Woot! Today marks three years helicopter crash-free!
(Of course, it’s also been three years helicopter-free. “No. More. Helicopters. EVAH!” decreed the Evil Princess. “Aw, honey,” I answered, “all we need are newer, bigger helicopters.” I have not yet won that argument.)
Our gang at the Glock shoot in Boulder City. From left: Tim Young, Me, Bill Goldstein, the Evil Princess, Scott Gray, Nathan Love.

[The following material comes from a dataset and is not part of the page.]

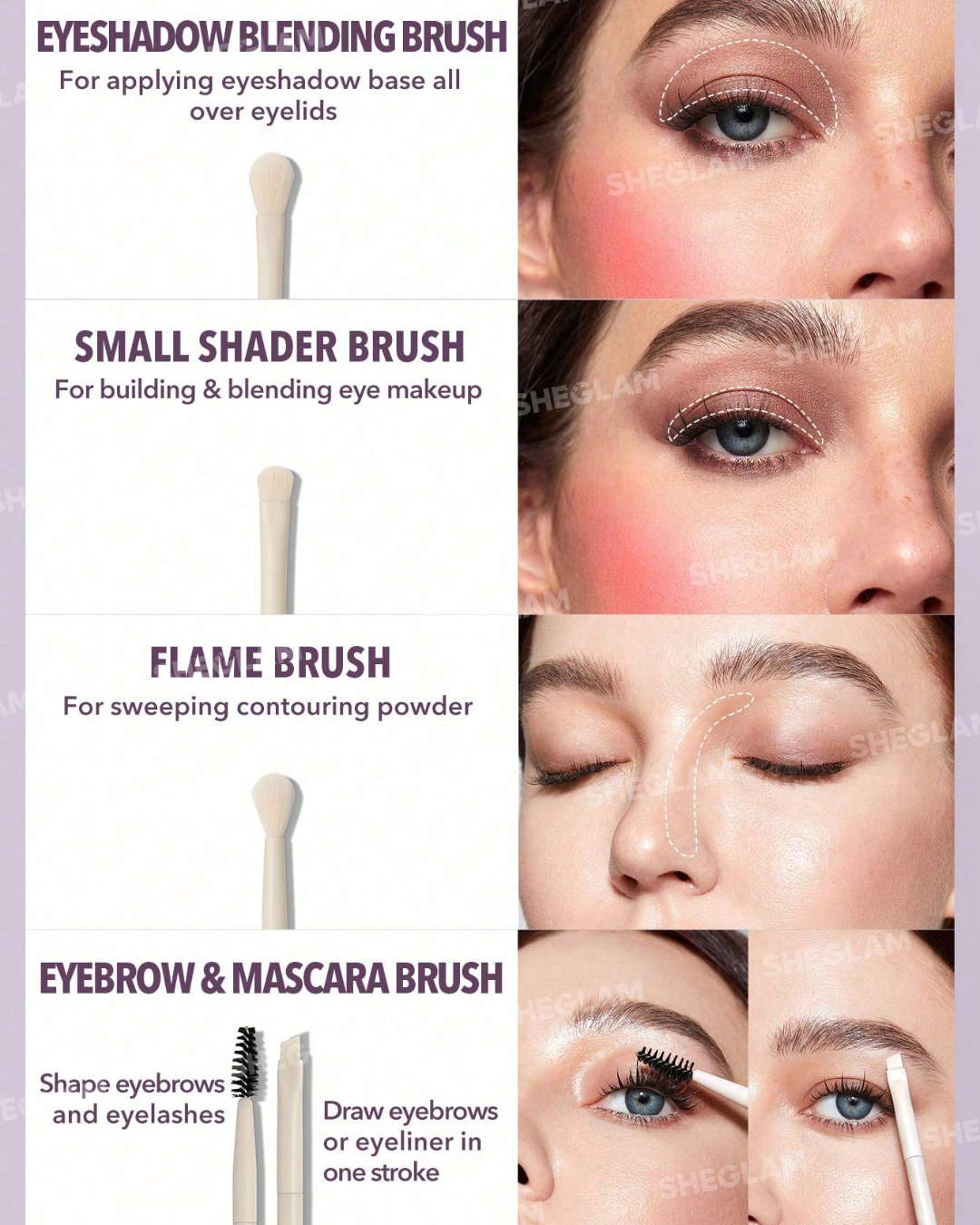 SHEGLAM Pro Core Brush Kit 8 pics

She and I got to the house this morning about 2:30 AM, and were grateful for it. Lots of folks at the SHOT Show in Vegas had their plane flights cancelled or horrendously delayed because of the Eastern Snowpocalypse. We had planned to stay the weekend anyway, seeing old friends in Vegas on Saturday and shooting the Glock match in nearby Boulder City on Sunday. The best I could do at the latter was a second place in the Pocket Glock event, using a G42 .380 with AmeriGlo sights and otherwise out of the box. Congratulations to Seichei Ishakawa, who was clearly the man to beat there. When you are the guy who publicly said “Friends don’t let friends carry mouse-guns” and you do your best with one (and not for the first time), it’s sort of like you’re Ralph Nader and do your best rally driving in a Corvair. I may need therapy. EP, on the other hand, continues to shoot her best with the .45 caliber Glock 30, which she is adopting as her daily carry gun. And which may require more therapy still for .380 boy here. (Sniff.)
Driving home from the airport we noted that we managed to escape the creeping crud that usually infects a bunch of SHOT Show attendees, the result of spending several days in a giant Petri dish with 64,000 people and whatever germs and viruses they brought to the convention. (Me: “Well, my throat is a little dry.” EP, with profound eye-roll: “Duh, you’d think you just spent days in the desert or something.”)
Each of these contain media kit thumb drives. Cute!
One thing I should also be grateful for is that the stacks of catalogs and dead-tree media kits I used to have to ship home have been largely replaced with much handier thumb drives, some cute enough to double as tchotchkes.
At industry-only-people SHOT, as at the ordinary folks-accessible NRA annual meeting, you get to talk to the manufacturers and, more importantly, the engineers who are responsible for new guns and related gear. I’ve found them to be generally responsive to questions.
Photo courtesy Laura Burgess Marketing
You also get to pick the brains of the many experts who congregate there. World champion shooters like Max Michel at the SIG booth and Rob Leatham at the Safariland booth are happy to dispense advice.
At the Harris Publications booth I got to chat with Janelle Cooper, widow of the great Col. Jeff Cooper, and their beautiful daughter Lindy Cooper Wisdom, who wrote a superb biography of her ground-breaking dad. Some good reminiscences, occasionally amusing, were shared.
Spent some time chatting with fellow gun writers and gun owners’ civil rights activists. It was good catching up on things with Sheriff Jim Wilson, and many others.
Gun owners being very much a persecuted minority today, it is good for us to immerse ourselves now and then in large groups of like-minded people. It’s a recharging of the batteries for a political fight that’s going to last longer than any of us will live, and it never hurts to be reminded that we’re on the right side of that fight.
A lot of business is done away from the show floor. Here is a snapshot from a meeting of the Armed Citizens Legal Defense Network board of advisors. From left: Vincent Shuck, Lynn Givens, Tom GIvens, Marty Hayes, John Farnam, Gila Hayes, Dennis Tueller, Mas, Jim Fleming. Not visible: Manny Kapelsohn.